Statement of the Problem

Teenage pregnancy and its consequences in social economic development have been increasing overtime in most developing countries irrespective of the measures to reduce it. The high social and economic costs of teen pregnancy and childbearing can have short and long negative consequences for teen parents, their children, and their community (Heaven, 2001). Through recent research, it has been recognized that pregnancy and childbirth have a significant impact on educational outcomes of teen parents. Furthermore, in the case of Buea Municipality, (Egbe, 2015) the prevalence of teenage pregnancy in Buea commented that 5% of girls in Buea terminate schooling every academic year because of pregnancy. Irrespective of these studies, still the findings on the courses of the teenage pregnancies are not the same since they differ from one another. Moreover, having no study that has been undertaken to assess the factors responsible for teenage pregnancy Buea Municipality, it demands for further study to investigate the status and causes of the problem necessary for providing desirable information to take appropriate and effective measures to solve it. Thus the aim of this study was to assess the factors contributing to teenage pregnancies in Buea Municipality.

General Objective

The overall objective was to assess the factors contributing to teenage pregnancies in Buea Municipality.

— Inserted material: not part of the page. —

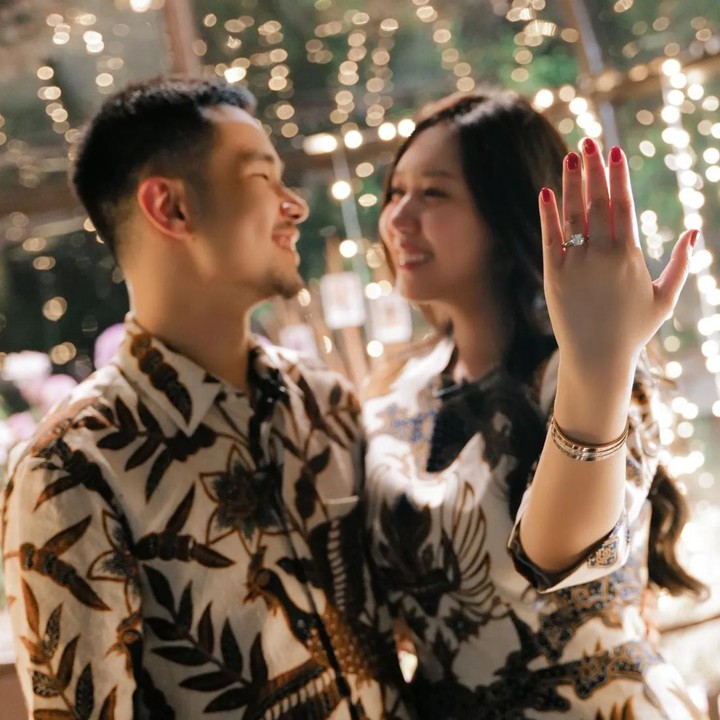 <p>Setelah dilamar, Sisca Kohl tak lupa memamerkan cincin yang kini sudah melingkar di jari manisnya. (Foto: Instagram @siscakohl)</p>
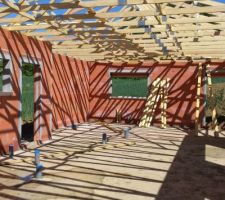 1er jour de travail concernant la charpente... il y a encore &agrave; faire  mais en une journ&eacute;e, &ccedil;a a tout de m&ecirc;me avanc&eacute; consid&eacute;rablement.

Specific Research Objectives

  1. To evaluate the relationship between poverty and teenage pregnancy in the Buea Municipality.

  2. To determine the relationship between family planning services and teenage pregnancies in Buea Municipality.

  3. To determine the influence of peer pressure and the level of education of an individual contributes to teenage pregnancies in Buea Municipality.

Research Question

  1. Does poverty contribute to teenage pregnancy in Buea Municipality?
  2. Can awareness and access to family planning services contribute to teenage pregnancies in Buea Municipality?
  3. Can influence of peer pressure and the level of education contribute to teenage pregnancies in Buea Municipality?